“It is winter in Narnia,” said Mr. Tumnus, “and has been for ever so long…. always winter, but never Christmas.”
There are words that capture our imaginations, often from the very first time we hear them. I confess that when I read this so long ago now, I understood them— though now years later, I understand them so much more fully. At that first reading, they made sense of my life and world, young as I was. Now I have lived with them, and within them, for most of life, and I feel their weight deeply.
Like every other son of Adam and daughter of Eve, I feel the winter of this weary world. This week the death of a long friend, and the death of a long marriage; this year the deaths of other friends at moments that seem “too soon.” For everyone of us, with our families, our friends, our neighbors, our cities, in every relationship in every way we are burdened by what is tragically not the way it is supposed to be. And beyond what we see with our own eyes, the day by day onslaught of the news of the world is more often than not a window into a heartache and horror that seem impossible to explain.
Across the board, in all of life, we feel the tension of the now-but-not-yet of history and hope. As my friend Todd Deatherage recently wrote, “Sometimes it feels like there is a lot more ‘not yet’ than ‘now.'” From our most intimate and personal relationships on through to our most public and political responsibilities, working out a vision of vocation that gives coherence to life is more difficult than we ever wanted it to be.

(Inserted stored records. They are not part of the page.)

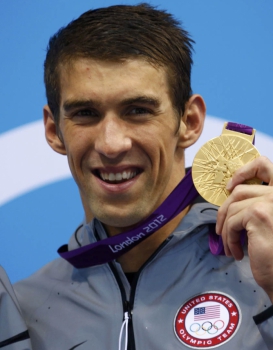 Olimpíadas 2012 - Londres - Michael Phelps apresenta seu ouro na prova final de 4x200m livre.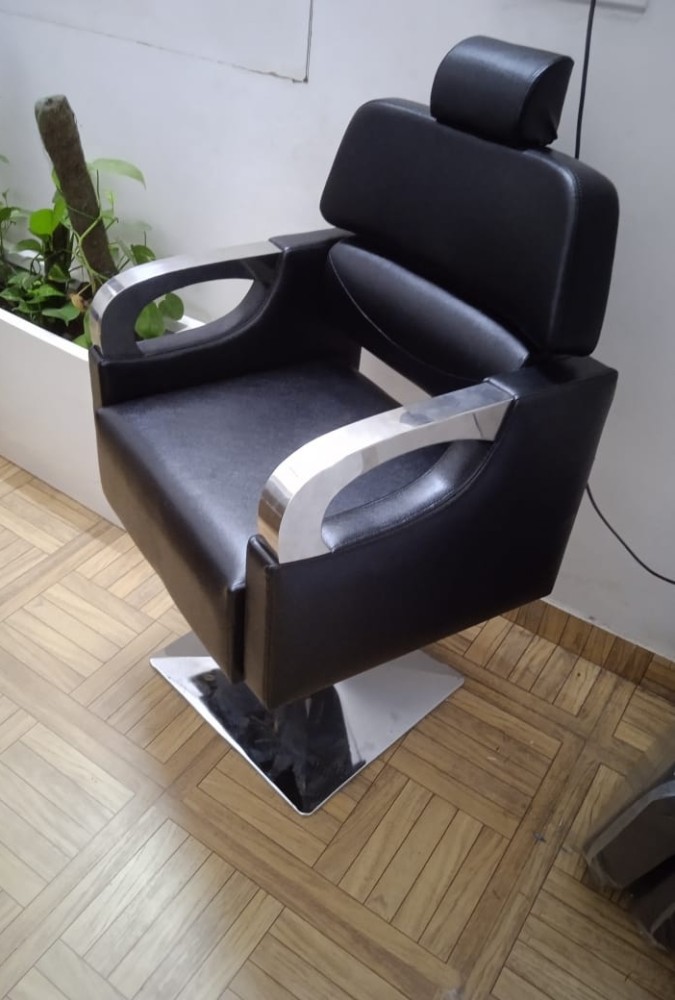 Salon chair 2025 price olx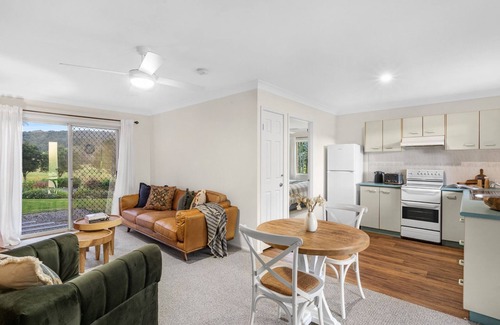 Far Meadow House | Relaxing Retreat at Roxy: Family Comfort & Unique Amenities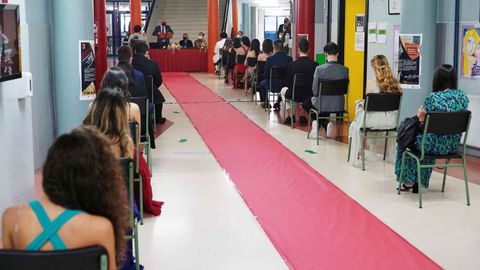 Los alumnos tuvieron su alfombra roja, de papel, y estuvieron sentados con distancia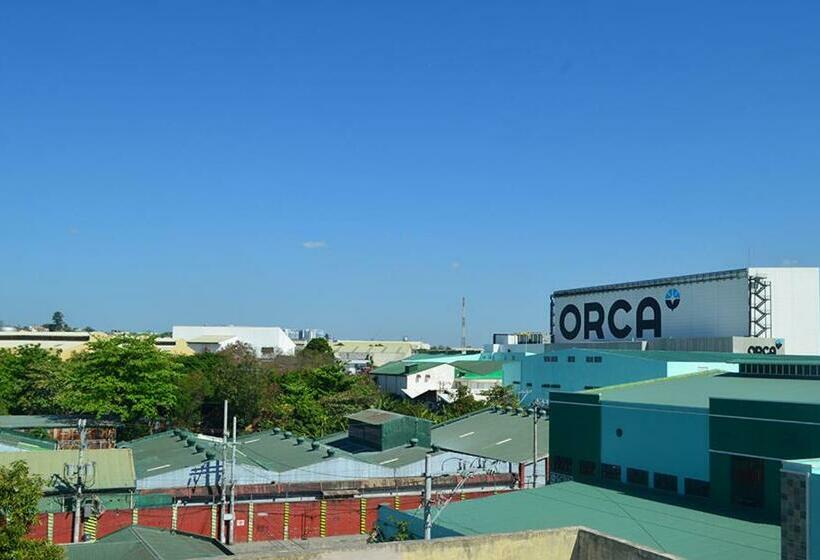 ペンション The Uniquely Industrial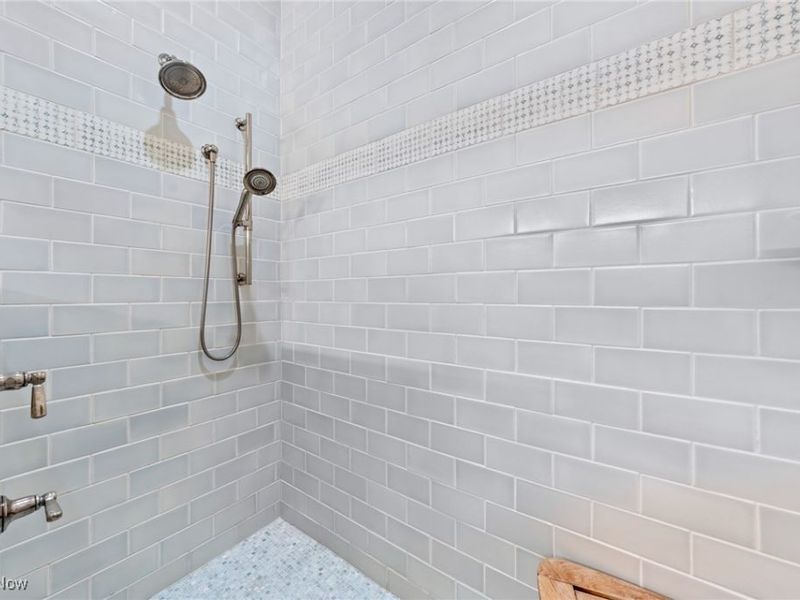 2 Kenilworth, Cleveland Heights, OH 44106 Photo 19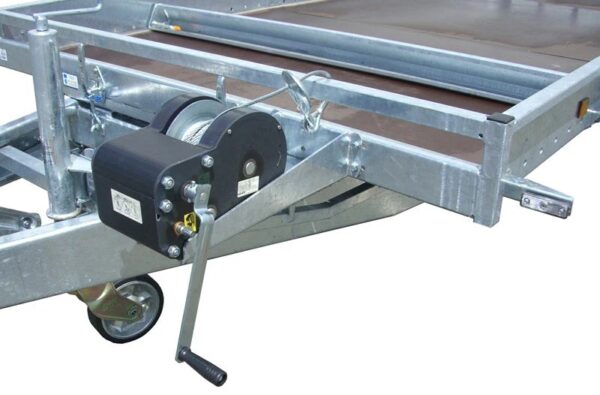 Plataforma basculante: 3,00 m x 1,70 m / 750 kg LIDER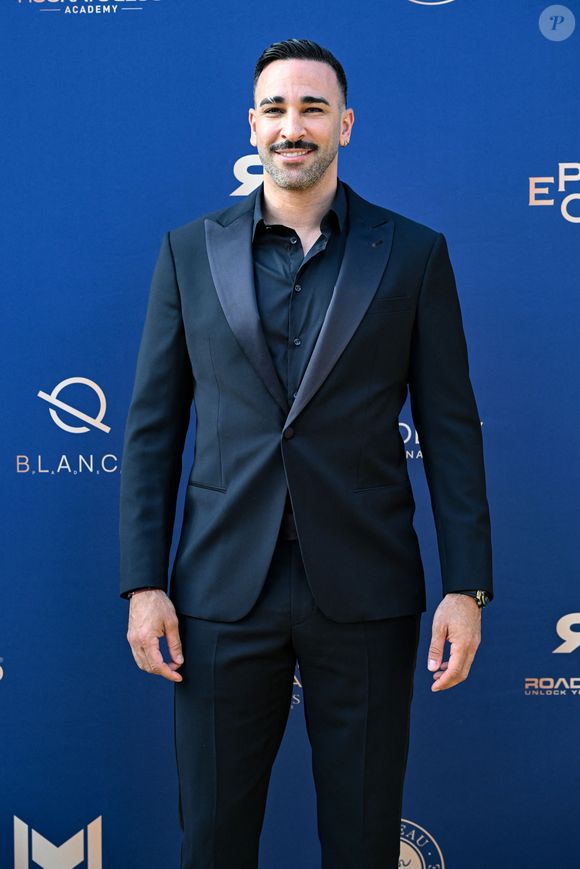 Mais une ancienne ministre a reconnu publiquement son charme.

 Adil Rami - 11ème édition du Gala de charité de Patrick Mouratoglou à la Mouratoglou Academy & Resort à Biot le 21 juin 2025. Ce gala de prestige réunit chaque année les grandes figures du sport, du divertissement et de nombreux donateurs, mobilisés pour soutenir les jeunes talents du tennis mondial. © Bruno Bebert/Bestimage
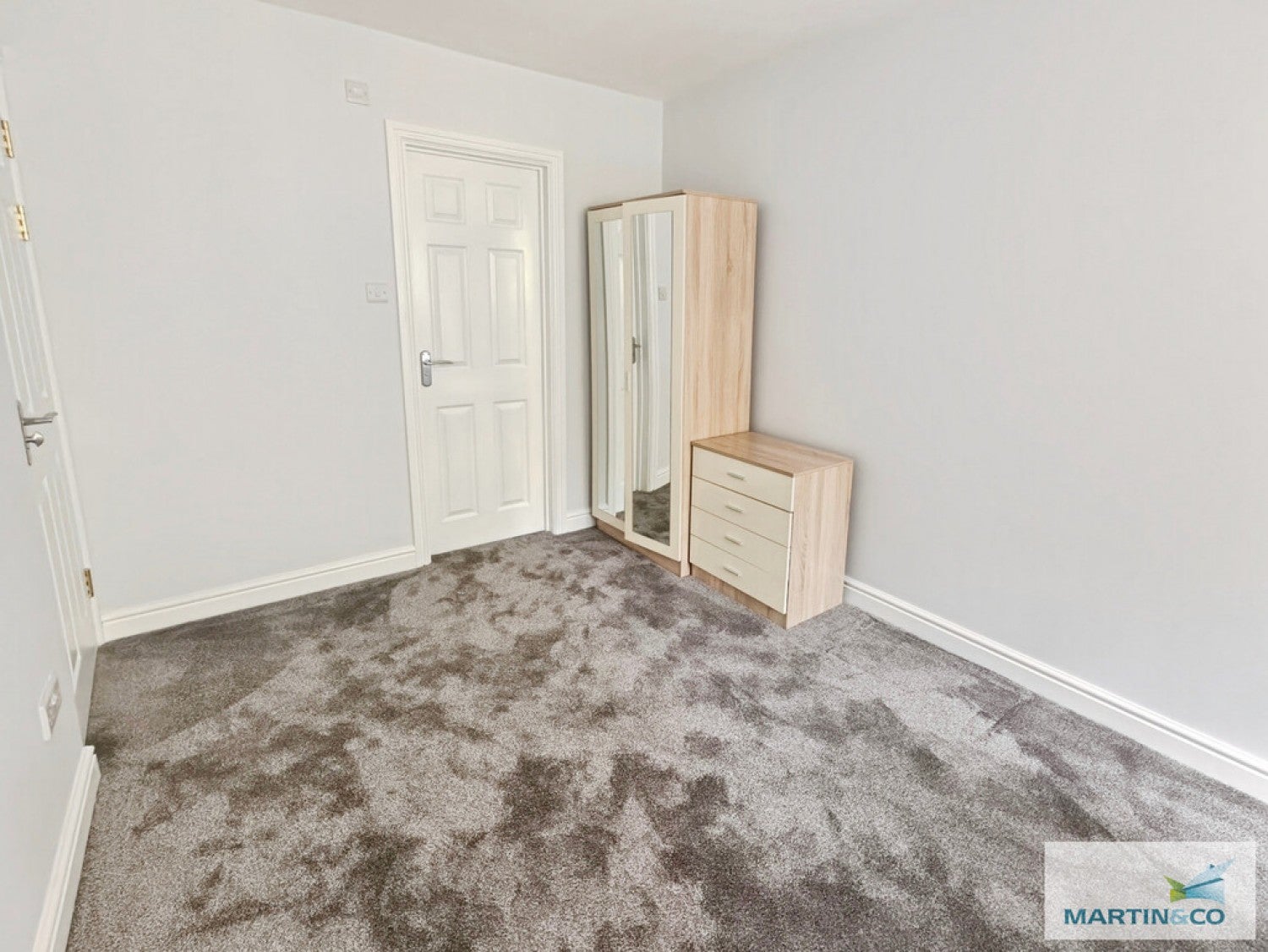Room Honey Church Close in Redditch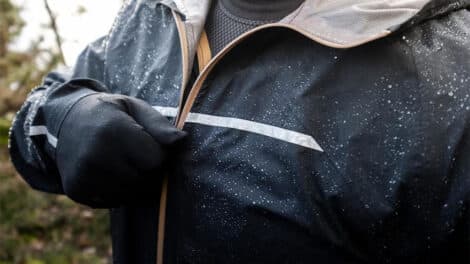 Veste vélo, quelles différences entre imperméabilité et déperlance ?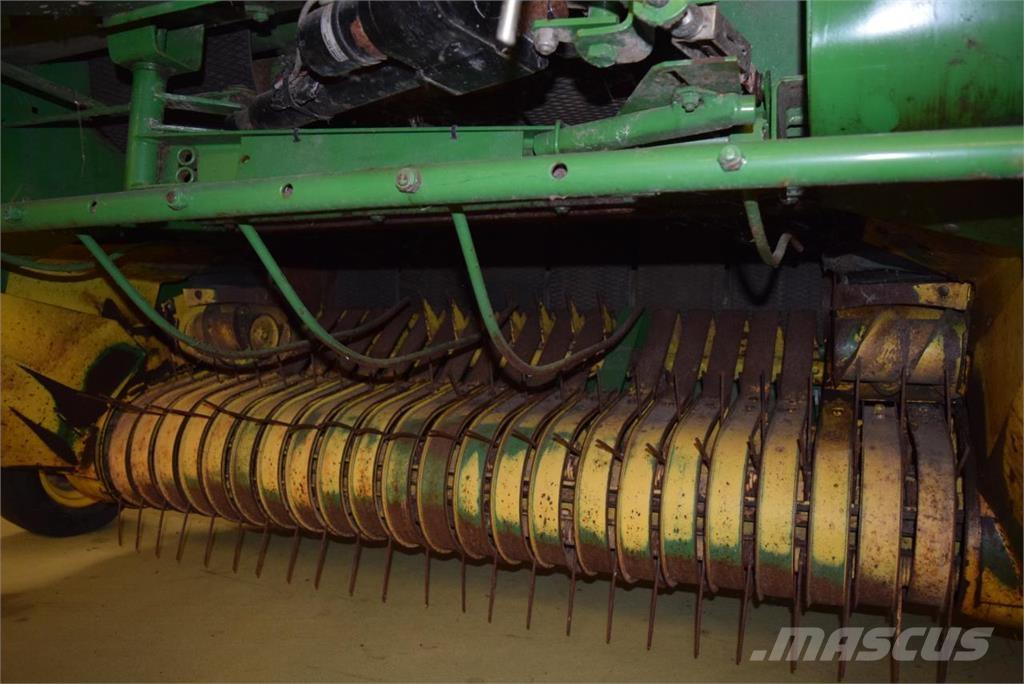 John Deere 580 Rundballenpressen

Always winter. Never Christmas.
But then I know that I have staked my life on something more: that this wounded world, this very broken world, is not the last word. Simply said, I believe in Christmas, and in a Christmas that has moral meaning. Cursed as we are, cursed as this life so often seems, it will not always be winter.
Christmas has come, and is coming… and I am longing for its blessings to flow far as the curse is found.
(From C.S. Lewis’ “The Lion, the Witch, and the Wardrobe,” which I am reading again during these days of December. Dedicated to Lucy Barfield, daughter of his lifelong friend, Owen, whom I met 27 years ago in England driving him from Oxford to London one summer night. He was an old man by then, but still full of the memories of the years of his long life. And “no,” I did not meet Lucy.)